Zieht man in Betracht, dass die Weiterbildung von A.S. bisher weit über 33’000 Franken gekostet hat, ist sein Ärger über die vermeintliche Quotenpolitik respektive die ungenügende und teilweise gebührenpflichtige Kommunikation zumindest teilweise verständlich.


Bezahlung garantiert noch kein Bestehen

Allerdings müssen sich Weiterbildende ganz klar bewusst sein, dass die teuren Preise für Kurse kein Bestehen garantieren. Und dies auch nicht sollen. Weiterbildung kann nur dann funktionieren, wenn auch wirklich gebildet wird und nicht bloss bezahlt.
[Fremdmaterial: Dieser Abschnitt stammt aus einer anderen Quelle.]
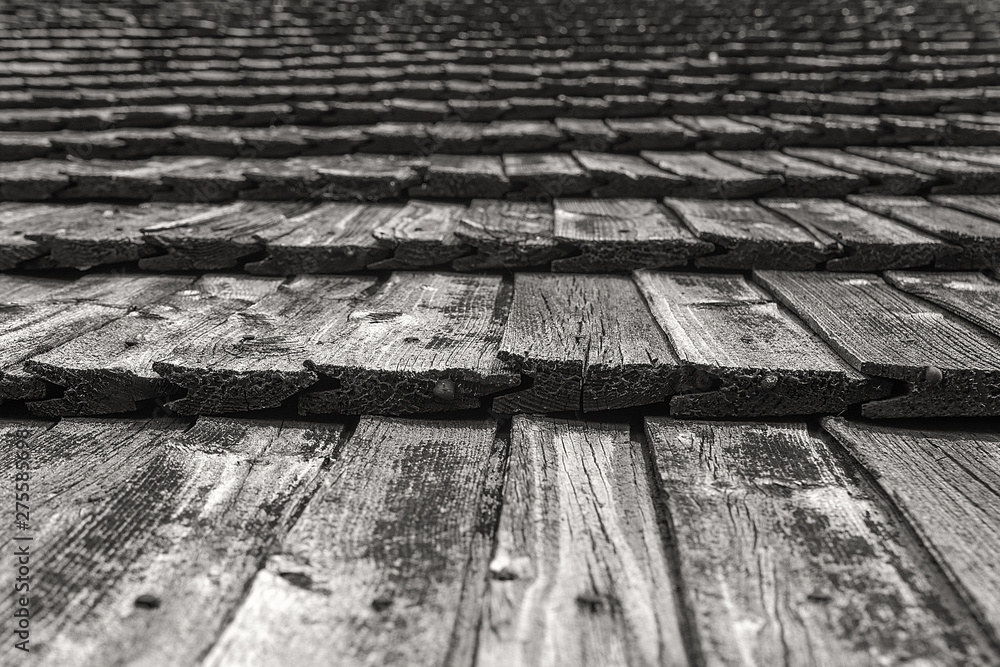 Old wooden planks on the roof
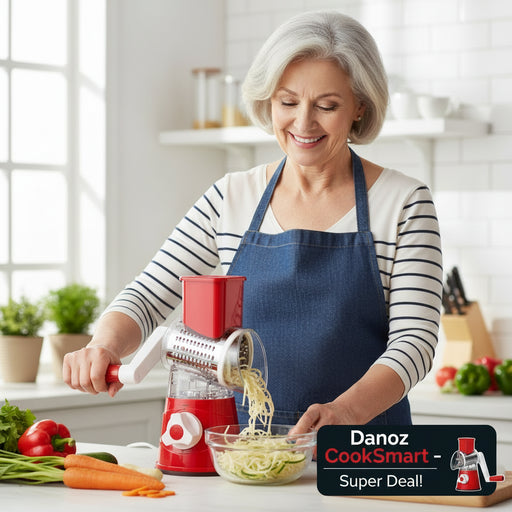Say goodbye to tedious hand - grating . Our Danoz rotary grater spins through cheese, vegetables, potatoes, nuts, and more with minimal effort - danozdirect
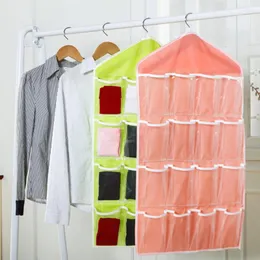 Storage Boxes 16 Pockets Wardrobe Clear Hanging Bag Socks Bra Underwear Stationery Rack Hanger Saving Space Tidy Organizer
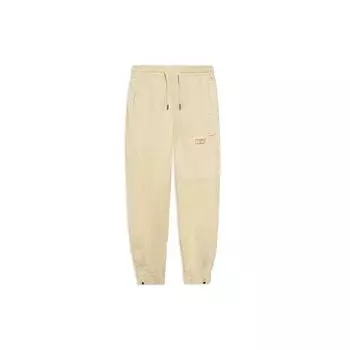 Мужские спортивные штаны Li Ning с однотонным логотипом и завязками, повседневные, низ Cloud-Apricot AYKS401-4 XL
Dass es noch nicht soweit ist, belegen die Zahlen des i-ch denn auch deutlich. So beläuft sich der prozentuale Anteil der erfolgreichen Abschlüsse während der letzten dreissig Jahre laut Statistik von i-ch auf durchschnittlich 68,4 Prozent. Es muss also auch heute noch gelernt werden, um zu bestehen. Die Anteile der nicht bestandenen Prüfungen schwanken während dieser Zeitspanne zwischen ungefähr zwanzig und knapp siebzig Prozent. Eine universal geltende Quotenpolitik dürfte damit ebenfalls ausgeschlossen sein.